Мезон-Руж обошел комнату, осмотрел внимательно все двери, убедился, что под каждым окном стоит часовой и тоже удалился.
Мгновение спустя дверь отворилась и появилась Элен. Она была бледна, вся дрожала и, запинаясь, благодарила помощника коменданта. Тот учтиво поклонился ей и, не отвечая, вышел. Только тогда Элен огляделась и увидела Гастона. Так же, как и с герцогом, Гастона оставили с ней наедине, наперекор никогда не нарушавшимся правилам. Гастон кинулся к Элен, а она — к нему, и, забыв о прошлых страданиях, и о неизвестности в будущем, они упали друг другу в объятия.
— Наконец-то! — воскликнула девушка, обливаясь слезами.
— О да, наконец-то! — повторил Гастон.
— Увы! Видеть вас здесь, в тюрьме, — прошептала Элен, с ужасом глядя вокруг, — не говорить свободно! За нами следят, может быть, подслушивают!
— Не надо жаловаться, Элен, нам и так сделали исключение. Никогда заключенный не мог обнять свою любимую или родственницу. Обычно, Элен, посетитель стоит у этой стены, а заключенный на другом конце, посередине между ними стоит солдат, а предмет беседы оговаривается заранее.
— И кому же мы обязаны этой милостью?
— Я должен сказать вам это, Элен, без сомнения, — регенту, потому что, когда вчера я попросил у господина д'Аржансона разрешения увидеться с вами, он ответил, что это превосходит его полномочия и он должен обратиться с этим к регенту.
— Но теперь, Гастон, когда я обрела вас, расскажите мне, что произошло за это время, — для меня это была целая вечность слез и страданий! А ведь правда, предчувствия не обманули меня: вы участвуете в заговоре!

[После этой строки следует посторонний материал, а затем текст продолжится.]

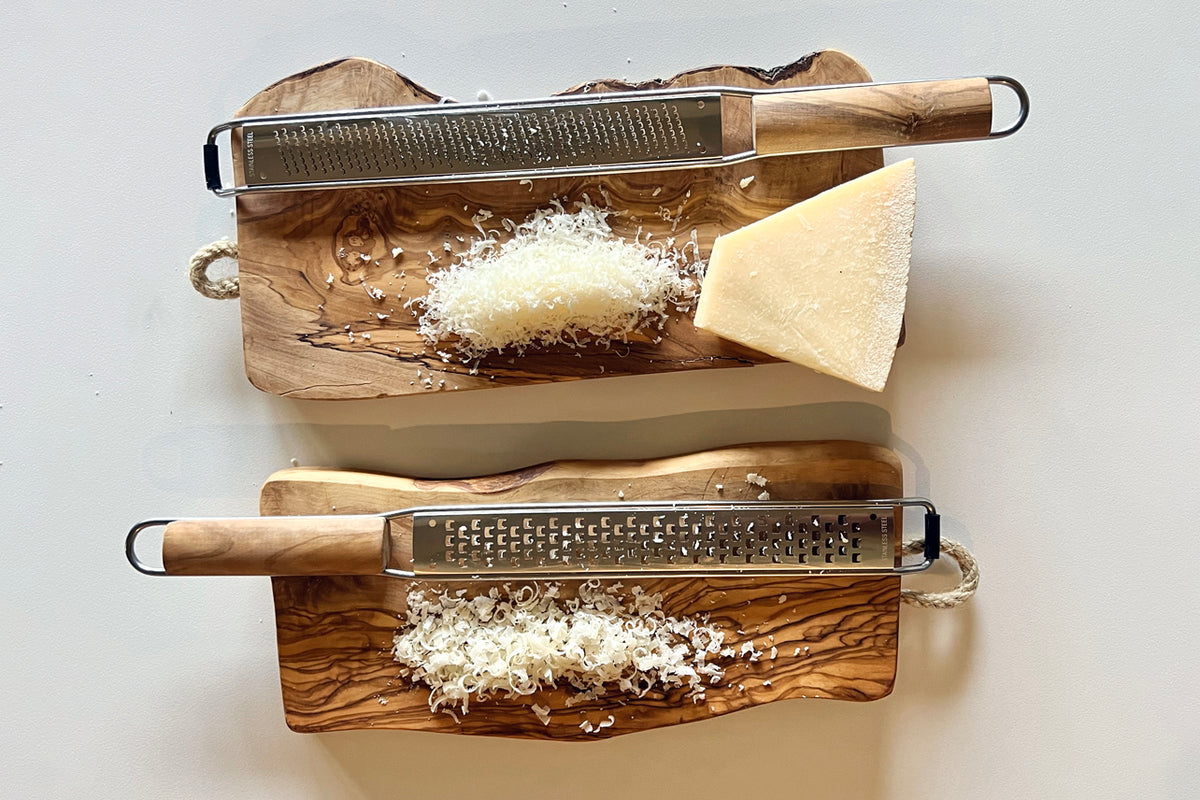 Two olivewood paddle graters with metal grating surfaces and wooden handles, each with shredded cheese on its board.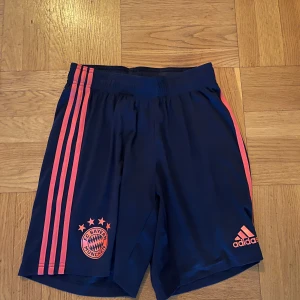 Blå fotbollsshorts från Adidas - Snygga blå fotbollsshorts från Adidas med rosa detaljer och Bayern München-logga. Perfekta för fotbollsträningen eller att bara chilla i. De har en elastisk midja för extra komfort.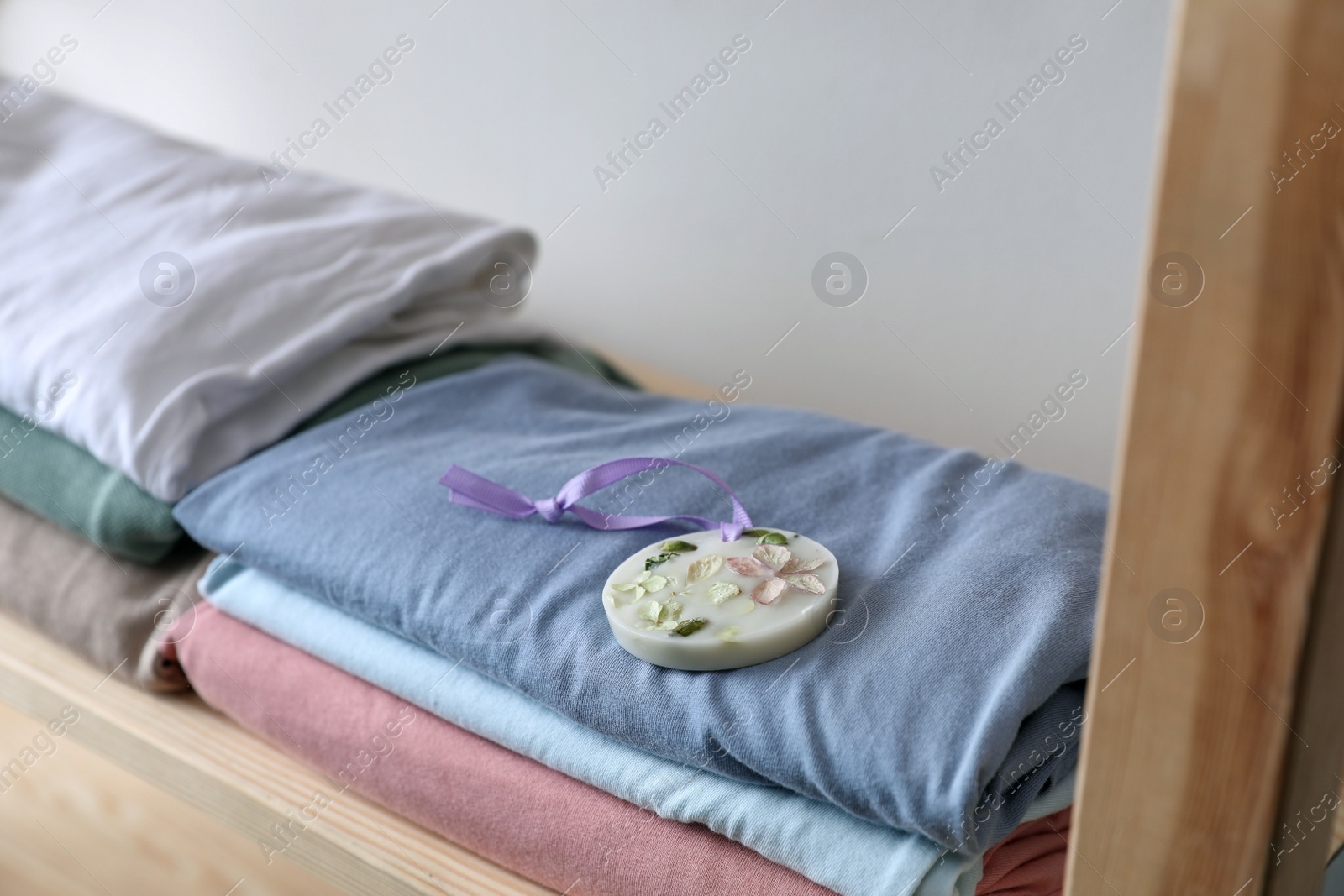 Photo of Stacked clothes and beautiful scented wax sachet on shelf near white wall, closeup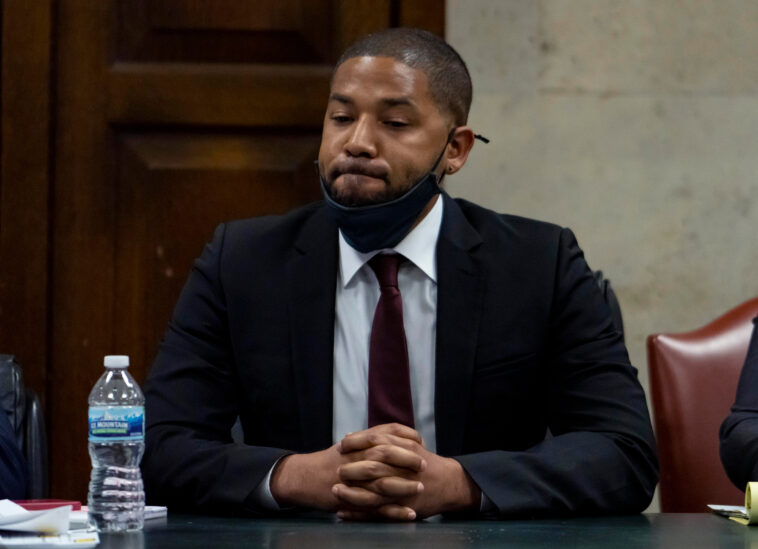 Actor Jussie Smollett listens as his sentence is read at the Leighton Criminal Court Building, Thursday, March 10, 2022, in Chicago. Jussie Smollett maintained his innocence during his sentencing hearing Thursday after a judge sentenced the former “Empire” actor to 150 days in jail for lying to police about a racist and homophobic attack that he orchestrated himself.(Brian Cassella/Chicago Tribune via AP, Pool)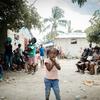 Uma menina de camisa rosa está em pé no pátio principal de um campo de deslocados internos em Léogâne, Haiti. Pessoas estão reunidas ao seu redor ao fundo.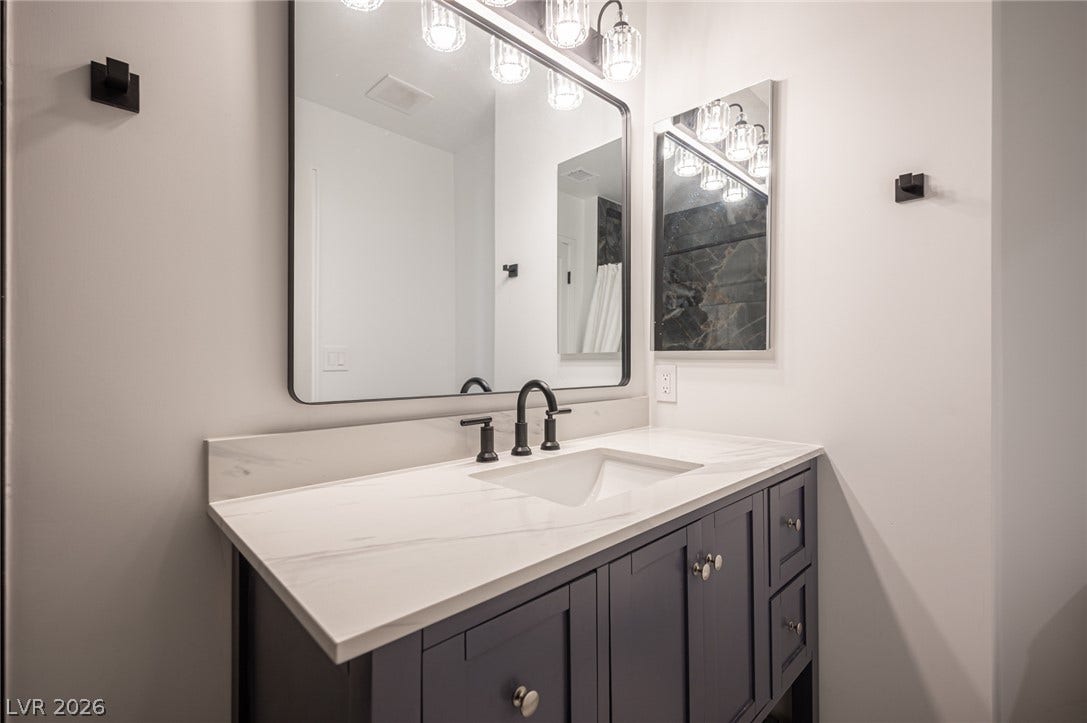 3139 Regal Oak Drive, Henderson, NV 89014 A modern vanity with stone counters and sleek black fixtures highlights this bathroom design.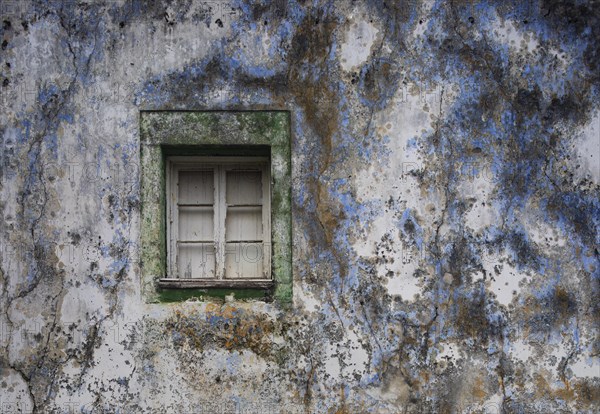 Weathered house facade with old closed window in Porto Formoso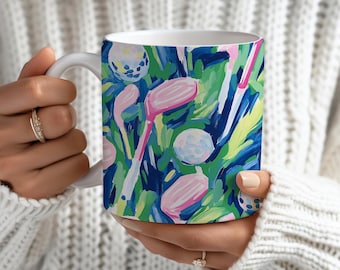 May include: White ceramic mug featuring a colorful golf-themed design. The pattern includes golf clubs, golf balls, and abstract strokes of pink, blue, green, and white. The mug is held by a person wearing a white sweater.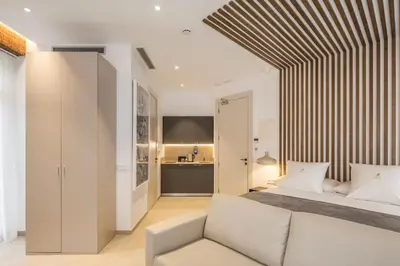 a bedroom with a white bed and a couch at Mon Suites Benlliure in Valencia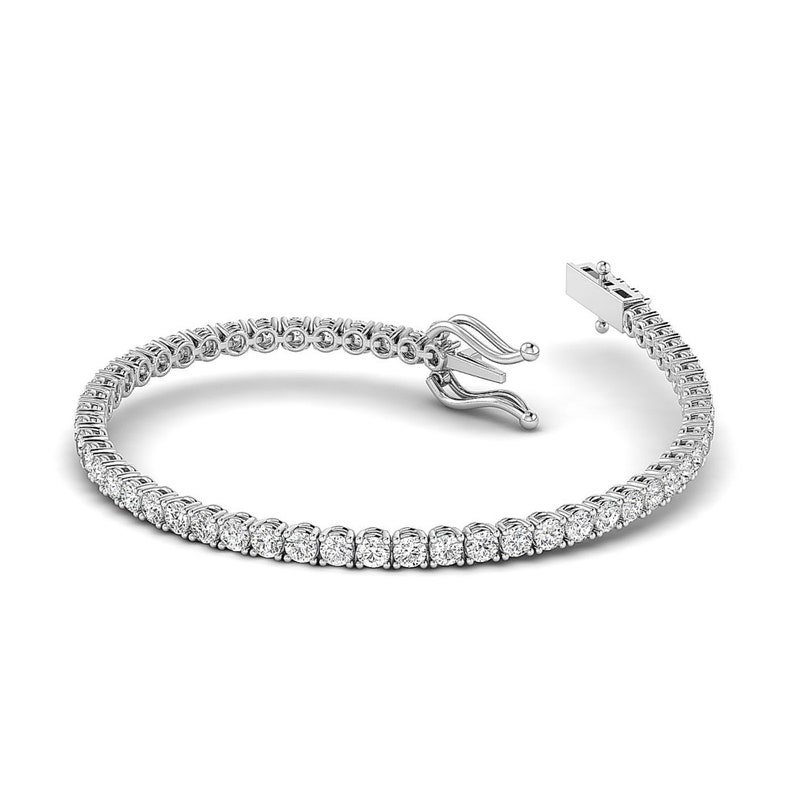 Puede incluir: Una pulsera de tenis con una fila de diamantes redondos engastados en metal blanco. La pulsera est&aacute; abierta, mostrando el mecanismo de cierre. Los diamantes brillan sobre el fondo blanco, creando un aspecto lujoso.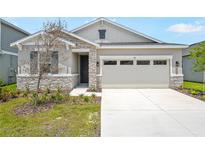 Charming single-Gathering home with a two-car garage, stone accents, neutral paint colors, and a well-maintained lawn at 196 Flag Lilly Ln, Umatilla, FL 32784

Не отрицайте, я знала это.
— Да, это правда, Элен. Вы знаете, что мы, бретонцы, упорны в ненависти, как и в любви. В Бретани была организована лига, и все дворянство к ней примкнуло. Разве мог я поступить иначе, чем мои братья? Скажите, Элен, разве я мог, разве я должен был поступить иначе? Вы бы сами презирали меня, если бы увидели, что вся Бретань взялась за оружие и все мои друзья держат в руках меч, а я хожу с хлыстиком!
— О нет, нет, вы правы, Гастон. Но почему вы не остались с ними в Бретани?
— Их тоже арестовали, как и меня, Элен.
— Так на вас донесли, вас предали?
— Может быть. Но сядьте, Элен, дайте я посмотрю на вас, пока мы одни; позвольте мне сказать вам, что вы прекрасны и что я люблю вас. А вы, Элен, как вы жили без меня? Герцог…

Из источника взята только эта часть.